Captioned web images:
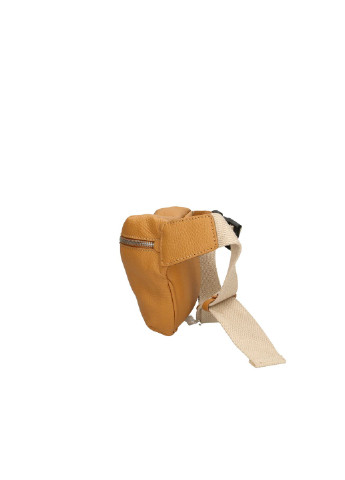 Сумка Italian Bags клатч (206832996)
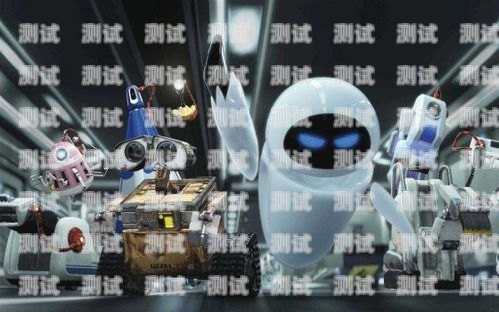 濮陽百應電話機器人價格百應電話機器人多少錢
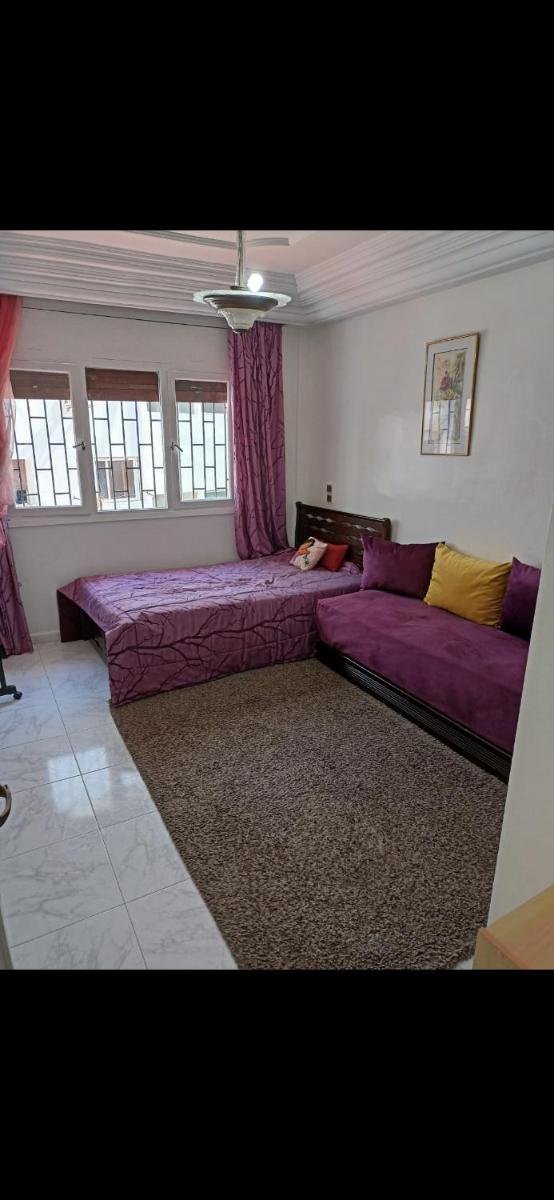 Joli appart - Housity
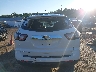 1GNKRGKD5HJ****** Used 2017 Chevrolet Traverse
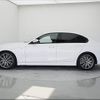 bmw 3-series 2020 -BMW 【浜松 339ﾅ313】--BMW 3 Series 5F20--0FJ46673---BMW 【浜松 339ﾅ313】--BMW 3 Series 5F20--0FJ46673- image 18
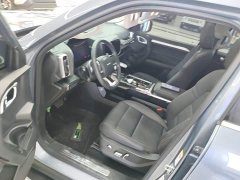 Great Wall Dachshund 2021 Facelift 1.5T DCT Two-Wheel Drive Malinois Edition - ფოტო 16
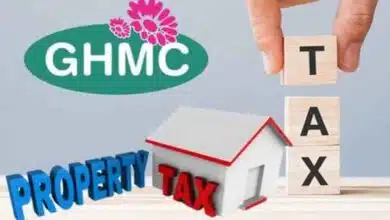 Property Tax، جائیداد ٹیکس ادا نہ کرنے والوں کیلئے بری خبر، 5 لاکھ سے زائد عمارتوں کو نوٹس کا امکان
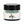Foot Recovery Balm | Soothes Blisters, Calloused & Dry Feet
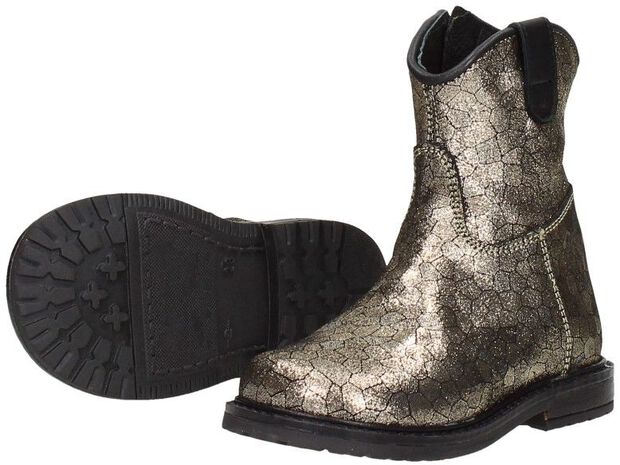 Enkellaarsjes - large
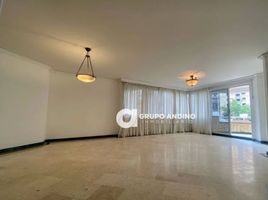 3 Bedroom Condo for sale in Cathedral of the Holy Family, Bucaramanga, Bucaramanga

**PROBLEM STATEMENT**
In the entries above, every line from the line with "1GNKRGKD5HJ****** Used 2017" to the line with "Enkellaarsjes - large" is to be printed exactly, with both ends included and pictures excluded.

**OUTPUT OF THE EXERCISE**
 1GNKRGKD5HJ****** Used 2017 Chevrolet Traverse
 bmw 3-series 2020 -BMW 【浜松 339ﾅ313】--BMW 3 Series 5F20--0FJ46673---BMW 【浜松 339ﾅ313】--BMW 3 Series 5F20--0FJ46673- image 18
 Great Wall Dachshund 2021 Facelift 1.5T DCT Two-Wheel Drive Malinois Edition - ფოტო 16
 Property Tax، جائیداد ٹیکس ادا نہ کرنے والوں کیلئے بری خبر، 5 لاکھ سے زائد عمارتوں کو نوٹس کا امکان
Foot Recovery Balm | Soothes Blisters, Calloused & Dry Feet
 Enkellaarsjes - large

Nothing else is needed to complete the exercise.